Pak paradox: Bombs, blood and booming profits
Pak paradox: Bombs, blood and booming profits
Six years ago none wanted to invest in Pak stocks. They should have.

Karachi: A little more than six years ago, immediately after the Sept. 11 attacks on US cities, few sane investment advisers would have recommended Pakistani stocks.

They should have.

Their clients could have made a fortune. Since 2001, the nuclear-armed South Asian country, blamed for spawning generations of Islamic militants and threatening global security, has been making millionaires like newly minted coins.

As Western governments have fretted about Pakistan's nuclear weapons falling into the hands of militants, the Karachi Stock Exchange's main share index has risen more than 10-fold.

And it is not just that Karachi is a thinly traded market, able to be dragged skyward at time by speculators.

Profits have taken off as well. Even last month's assassination of opposition leader Benazir Bhutto, and the brief but terrifying tornado of violence it unleashed, failed to make much more than a dent in the market.

Businessmen are more worried than brokers, but all agree it will take more than Bhutto's death to destroy this boom, which has been based on open-door investment policies and privatisation. "It's sad, and it does affect the business, but I guess it's been happening for so long that people just get used to it," shrugged Omer Sabir, who sells luxury sports cars from upwards of $100,000 each at Karachi's only Porsche dealer.

Home to 14 million people, Pakistan's biggest city is booming. The port city, notorious as the place where US journalist Daniel Pearl was kidnapped and beheaded by Islamist extremists in 2002, has seen property prices soar and shopping malls sprout up.

Foreign banks such as Standard Chartered and ABN Amro have bought up local banks. Just this month Bank Muscat and Japan's Nomura Holdings agreed to a $200 million takeover of Pakistan's Saudi Pak Bank. Barclays is also looking to build a local business.

Even during frequent power blackouts, Pakistan's bankers can see by the light of their generators that profits are good, among the strongest bank returns in the world, says Invisor Securities.

At Karachi's underground night-club scene -- literally, underground -- sons and daughters of the upper middle-class drink vodka, whisky or just soft-drinks in glittering semi-darkness and listen to DJs play the latest beats.

Time to sell?

But right now, the party might be coming to an end. The stock market is still trading just three per cent below its life-time closing high (14,814.85 points), but the outlook is far less certain than six years ago, when President Pervez Musharraf began his reforms, spurring local and foreign investment. The economy, which averaged around 7 per cent annual growth in the five years to June 2007, is slowing and inflation is rising.

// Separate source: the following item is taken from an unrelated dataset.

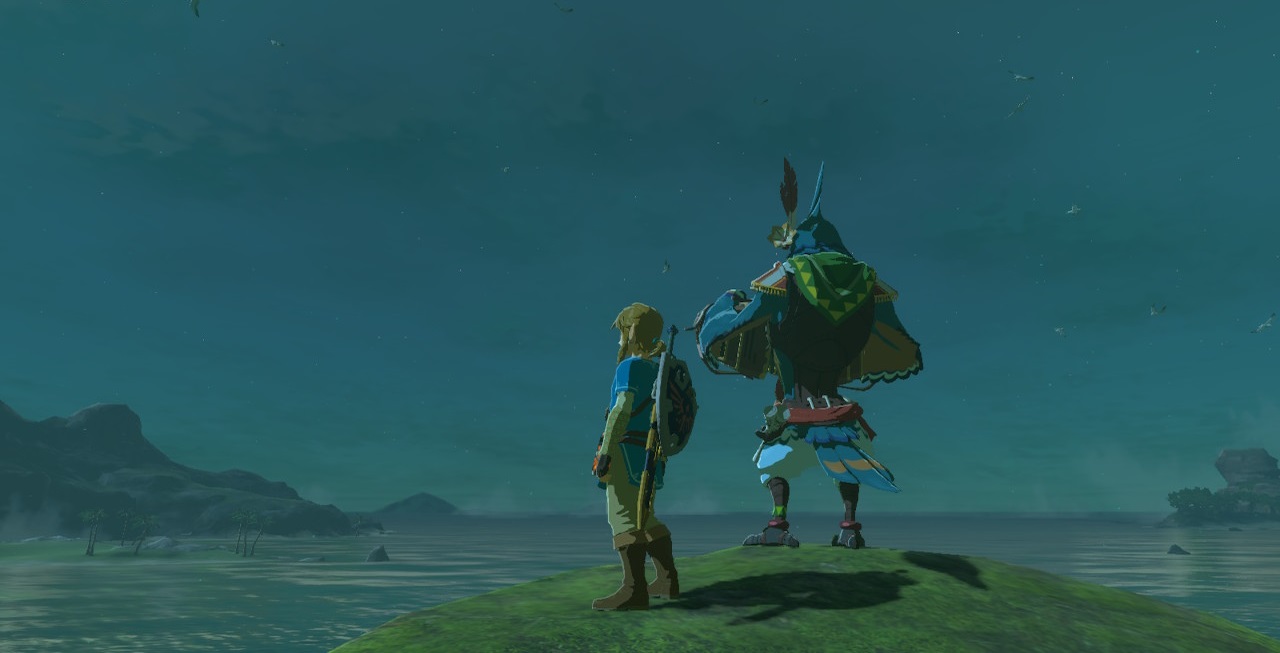 Link and Kass in Breath of the Wild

Foreign investment and the farm sector, two important drivers of Pakistan's economic success story, have also moved down a gear. The street is also getting angry.

For many Pakistanis, the boom has been mainly a spectator sport. They can see the new shopping malls but cannot afford to buy anything there. About a quarter of them still live in poverty, earning around 1,000 rupees ($16) a month, though the proportion has been falling, according to 2006 government data. A few blocks away from the Porsche dealership, men and women queue in vain for hours to buy a bag of flour at a government store.

Power blackouts make the winter bleaker still. "I have been coming here for a month and, look, my hands are empty," said Taj Fareed, showing his palms as he stood near a crowd jostling at the door of a government store to buy flour.

So if these Pakistanis find their voice in elections scheduled for Feb. 18, will there be changes in store for broad economic policy and the rich crust of Pakistan society? The answer from businessmen, political analysts and economists seems to be a unanimous but rather hopeful "no".

"Whoever comes in next, I can assure you that they will follow the same policies," said Javed Faruqi, leaning back in his chair in the high-rise executive suite of Samaa, one of several new TV channels born out of a surge in advertising spending.

Samaa occupies the same tower as business channel CNBC Pakistan, a Middle East-backed franchise launched in late 2005. "I don't see it going into reverse but there may be a struggle with the forces who do want it to go into reverse," admits Tahir Ikram, programming director for CNBC Pakistan.

Islamist parties, and their campaigns against Western decadence and corruption, appeal strongly to the poor, but recent polling suggests the mainstream parties will dominate the next government, assuming the Feb. 18 elections are free and fair. Bhutto's party, Pakistan's biggest, has been campaigning under the slogan "Food, Shelter, Clothing" and still plans to contest the elections, but political analysts do not expect it to usher in a state-driven economy if it wins power. "The overall direction of the Pakistan economy would be the same," said political analyst Hasan Askari Rizvi.